Rudolf Nehmer (1912 Bobersberg - 1983 Dresden), Blessed are the pure in heart, 1948. Woodcut on yellowish wove paper, 17.8 cm x 15.4 cm (image), 35 cm x 25 cm (sheet size), signed “Rud.[olf] Nehmer” in pencil lower right and inscribed “Matth. 5,8” lower left.
- The wide sheet margin with slight traces of creasing, the image in excellent, colorful condition.
- The
Vision of the Child's Eyes -
This woodcut is part of Nehmer's best-known series, his pictorial interpretation of the Sermon on the Mount (Matth. 5:1-7:29), created shortly after the end of World War II. The print illustrates the beatitude: Blessed are the pure in heart, for they will see God (Mt 5:8).
Two boys
and a girl sit in the enclosed garden of childlike innocence, looking up from
the dark background. The Lamb of God, lying as a toy in the grass in front of
them, illustrates that they are looking at the Savior; the boy on the left
holds his hand to his mouth in amazement, while the girl next to him has folded
her hands naturally in prayer.
About the artist
Rudolf Nehmer studied from 1932 to 1934 in Dresden at the private art academy founded by Ernst Oskar Simonson-Castelli under Woldemar Winkler and, after a brief interlude at the art academy, was a student in Willy Kriegel's studio until 1936. After his first one-man show in 1935 at the Kühl Art Exhibition in Dresden, which was progressive until the Nazi era, Nehmer was represented at the major German art exhibitions in the following years. In 1938 he stayed in Worpswede.
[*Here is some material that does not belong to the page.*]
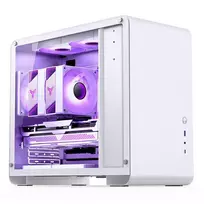 micro atx korpusas - Kompiuterio korpusas Jonsbo U4 MINI WHITE, skaidri/balta - 2 nuotrauka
From 1941 he was a soldier on the Western Front and in Denmark, returning to Dresden from British captivity in 1945. After the war, he had his first solo exhibition in 1945. Nehmer was a co-founder of the artists' association 'Das Ufer - Gruppe 1947' and in 1951 a founding member of the artists' cooperative 'Kunst und Zeit'. He had numerous solo and group exhibitions in the GDR, culminating in a retrospective at the Galerie Neuer Meister on the occasion of his 60th birthday.